Keeping Dark Skies Dark
Arizona has long been a favourite spot for amateur and professional astronomers. To balance local interest in astronomy while ensuring employee safety, Rosemont will implement a technologically advanced lighting system.
- Our lighting plan was developed in consultation with an International Dark Sky Association board member and includes filtered LED fixtures, colour rendering to avoid blue-spectrum lights, and shielding/beam control on non-fixed lights to reduce direct uplight.
- During operations, light emissions will be monitored by Western Research Companies, an organization dedicated to understanding the effects of maintaining dark skies on astronomy and the environment.
- Rosemont will also provide $218,000 to establish the Smithsonian Institution sky brightness monitoring system at the Fred Lawrence Whipple Observatory on Mount Hopkins and an additional $100,000 per year for the life of the monitoring plan.

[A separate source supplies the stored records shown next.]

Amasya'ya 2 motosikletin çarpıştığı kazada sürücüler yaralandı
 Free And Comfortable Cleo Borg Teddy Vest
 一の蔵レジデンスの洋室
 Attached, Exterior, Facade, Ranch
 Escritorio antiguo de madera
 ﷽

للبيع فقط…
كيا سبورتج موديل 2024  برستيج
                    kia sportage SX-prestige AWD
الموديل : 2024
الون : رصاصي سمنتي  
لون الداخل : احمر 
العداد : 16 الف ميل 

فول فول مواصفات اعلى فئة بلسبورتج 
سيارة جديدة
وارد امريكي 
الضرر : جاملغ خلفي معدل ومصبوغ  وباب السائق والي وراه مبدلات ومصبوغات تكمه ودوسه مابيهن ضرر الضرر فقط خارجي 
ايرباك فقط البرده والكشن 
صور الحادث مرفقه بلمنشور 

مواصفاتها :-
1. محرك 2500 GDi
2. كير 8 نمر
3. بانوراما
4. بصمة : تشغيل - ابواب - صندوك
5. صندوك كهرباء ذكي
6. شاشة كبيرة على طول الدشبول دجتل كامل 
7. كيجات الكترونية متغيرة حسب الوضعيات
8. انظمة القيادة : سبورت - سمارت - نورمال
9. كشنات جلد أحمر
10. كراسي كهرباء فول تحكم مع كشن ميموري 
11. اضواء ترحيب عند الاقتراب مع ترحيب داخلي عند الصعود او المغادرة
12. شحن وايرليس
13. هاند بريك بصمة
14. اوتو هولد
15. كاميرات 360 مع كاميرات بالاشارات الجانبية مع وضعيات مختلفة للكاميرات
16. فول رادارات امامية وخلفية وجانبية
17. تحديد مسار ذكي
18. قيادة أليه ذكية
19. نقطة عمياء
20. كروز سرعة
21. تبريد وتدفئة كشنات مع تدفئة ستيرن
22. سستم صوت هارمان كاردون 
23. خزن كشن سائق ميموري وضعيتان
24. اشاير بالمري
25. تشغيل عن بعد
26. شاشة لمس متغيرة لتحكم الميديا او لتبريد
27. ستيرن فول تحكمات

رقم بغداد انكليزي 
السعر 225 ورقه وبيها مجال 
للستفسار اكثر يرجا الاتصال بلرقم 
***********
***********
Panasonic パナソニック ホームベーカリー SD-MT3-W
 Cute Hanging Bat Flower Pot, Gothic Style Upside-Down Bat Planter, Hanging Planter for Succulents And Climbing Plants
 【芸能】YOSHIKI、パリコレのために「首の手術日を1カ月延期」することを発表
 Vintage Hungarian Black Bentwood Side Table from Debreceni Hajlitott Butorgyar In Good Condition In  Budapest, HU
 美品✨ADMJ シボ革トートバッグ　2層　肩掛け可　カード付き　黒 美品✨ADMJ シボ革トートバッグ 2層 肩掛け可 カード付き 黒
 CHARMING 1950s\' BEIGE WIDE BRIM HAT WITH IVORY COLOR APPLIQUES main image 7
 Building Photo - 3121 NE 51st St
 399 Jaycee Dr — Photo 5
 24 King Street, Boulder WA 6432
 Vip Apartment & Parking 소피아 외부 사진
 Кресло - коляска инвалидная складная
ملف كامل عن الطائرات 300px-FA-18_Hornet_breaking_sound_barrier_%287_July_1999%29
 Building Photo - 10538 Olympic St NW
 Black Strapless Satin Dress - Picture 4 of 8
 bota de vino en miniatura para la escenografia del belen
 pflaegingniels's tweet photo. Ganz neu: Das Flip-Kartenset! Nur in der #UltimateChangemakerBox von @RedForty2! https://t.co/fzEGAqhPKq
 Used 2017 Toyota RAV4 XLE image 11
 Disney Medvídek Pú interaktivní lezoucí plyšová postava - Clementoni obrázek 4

Solar Energy Proving Ground
Rosemont has partnered with the University of Arizona’s Research Institute for Solar Energy and awarded five $100,000 grants to renewable energy companies to install solar systems for testing at Rosemont’s Hidden Valley site. The output of each system is being measured to provide information on the efficiency and cost-effectiveness of the systems. Testing and energy production at this solar test site will continue throughout Rosemont’s operating life and be used to offset power consumption at the project’s administration building.